Information
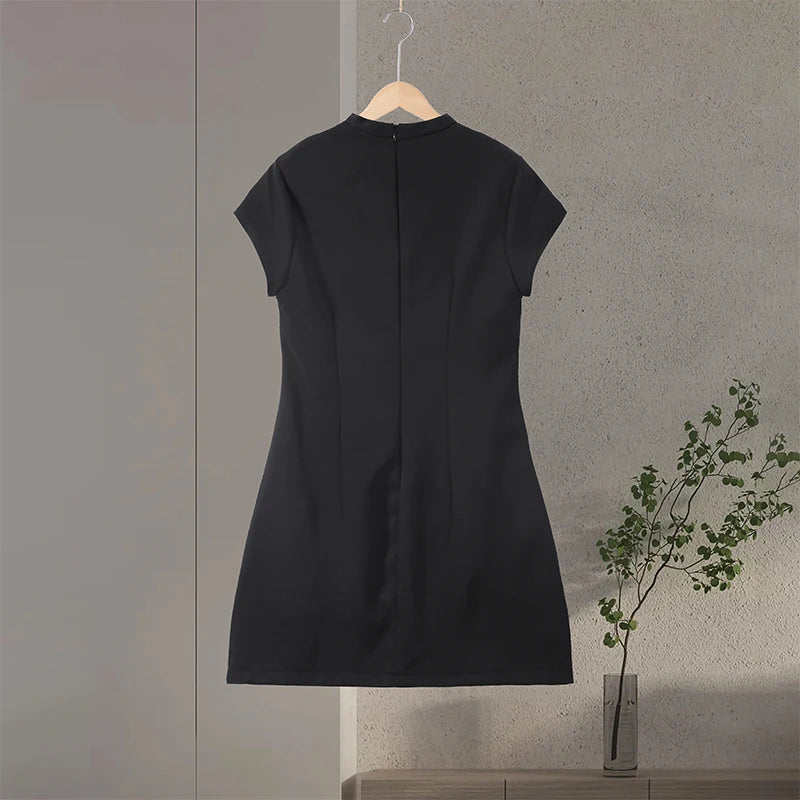 Women's Summer Hollow-Out Polka Dot Mini Dress - Sexy Slimming Hip-Package Party Dress with Belt & Zipper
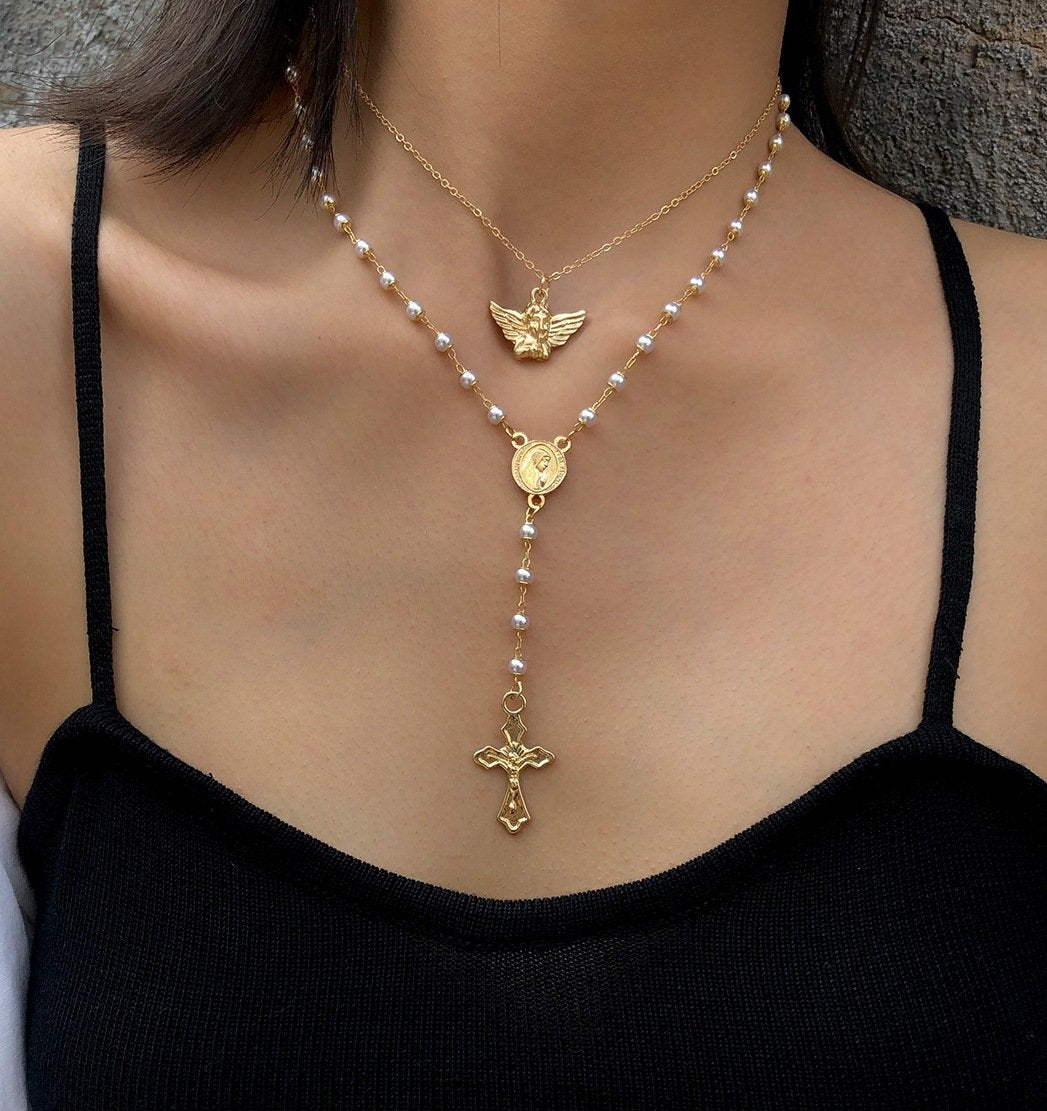Jewelry Retro Little Angel Geometric Necklace Temperament Imitation Pearl Y-shaped Cross Tassel Necklace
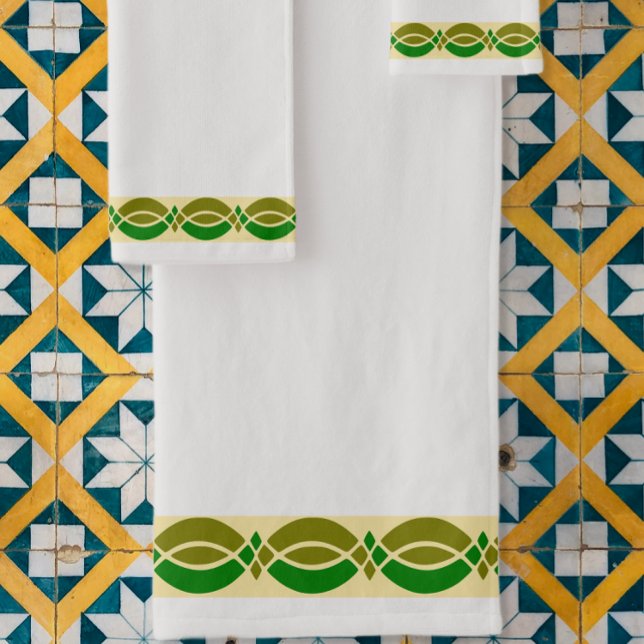 Minimalist Retro Pattern Customisable Bath Towel Set (Creator Uploaded)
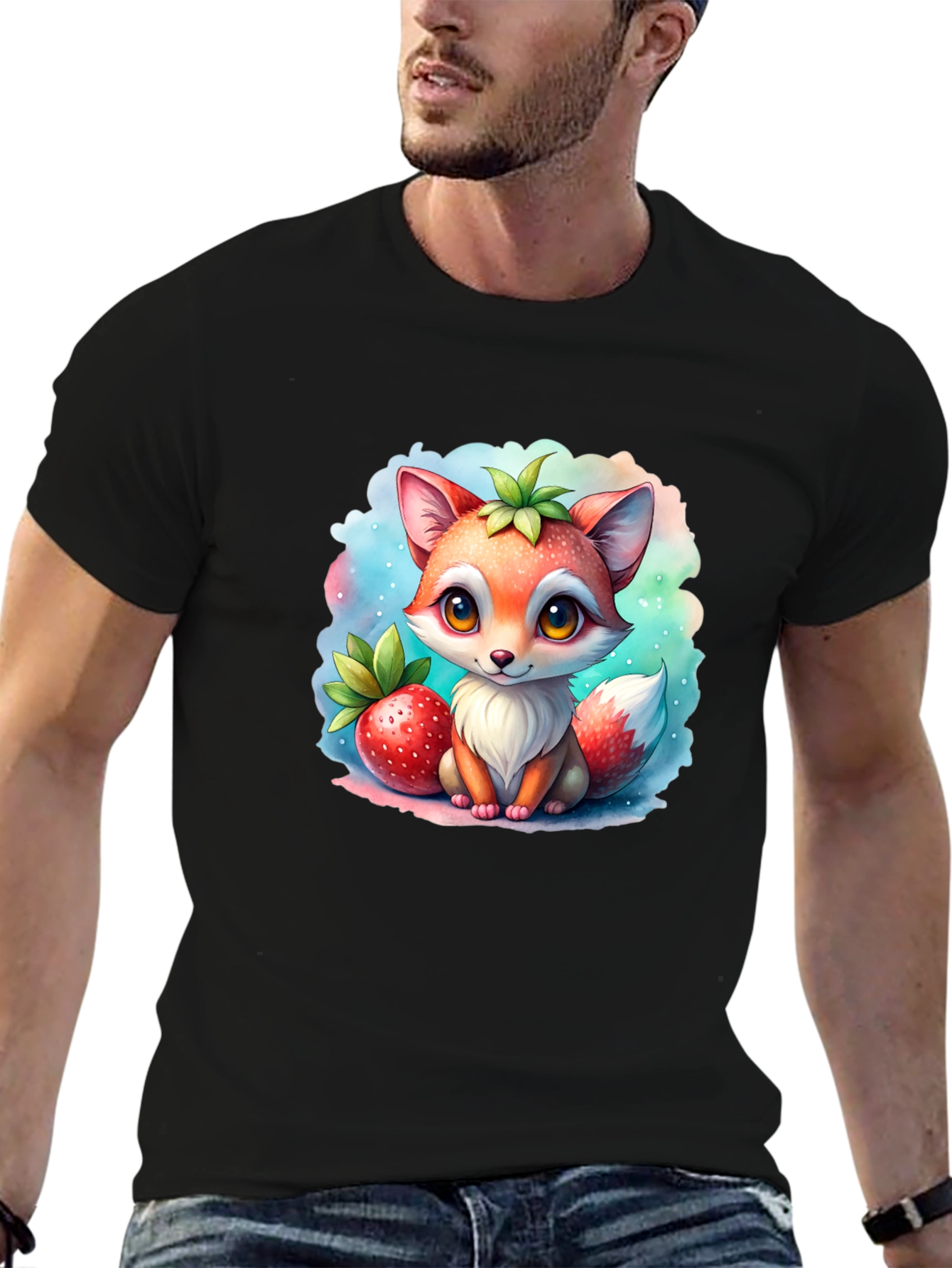Cute Cartoon Fox Strawberry T-Shirt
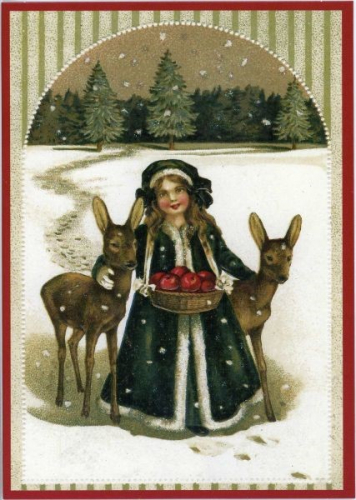 Postkarte Sortiment Weihnachten beglittert 6Wg009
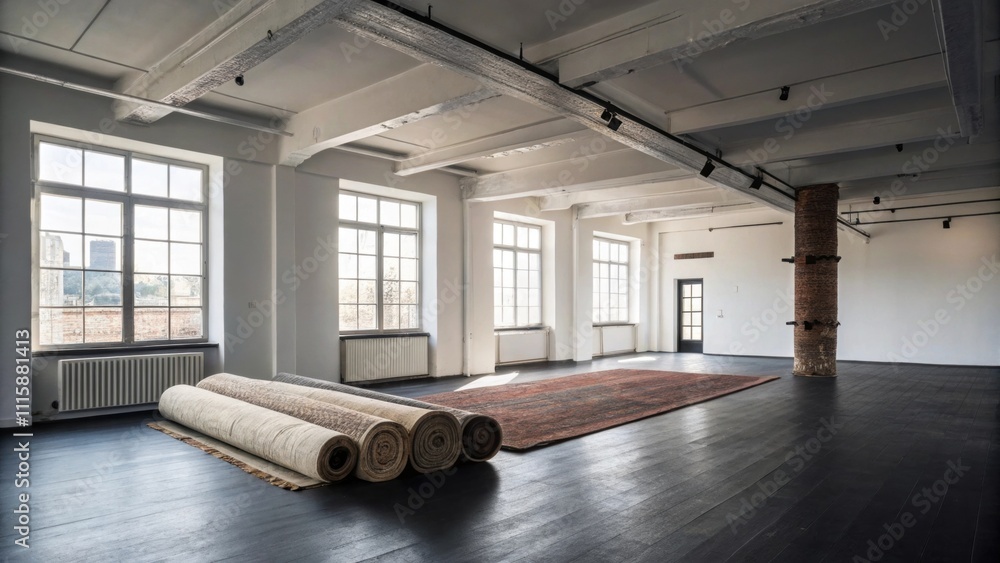 Aufkleber an empty living room with high ceilings and exposed beams where a collection of rolledup rugs lies a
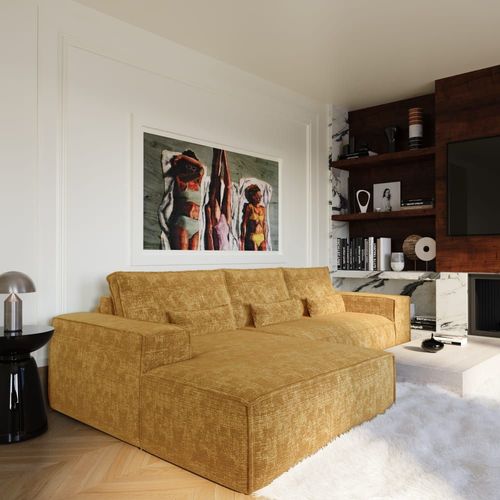 Canapé Angle Gauche Convertible Express 5 Places Velours Moutarde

Prompt
Nothing but the lines from the one containing "Postkarte Sortiment Weihnachten" to the last line of the records should be returned, exactly as they appear and without pictures.

Exercise solution
 Postkarte Sortiment Weihnachten beglittert 6Wg009
 Aufkleber an empty living room with high ceilings and exposed beams where a collection of rolledup rugs lies a
 Canapé Angle Gauche Convertible Express 5 Places Velours Moutarde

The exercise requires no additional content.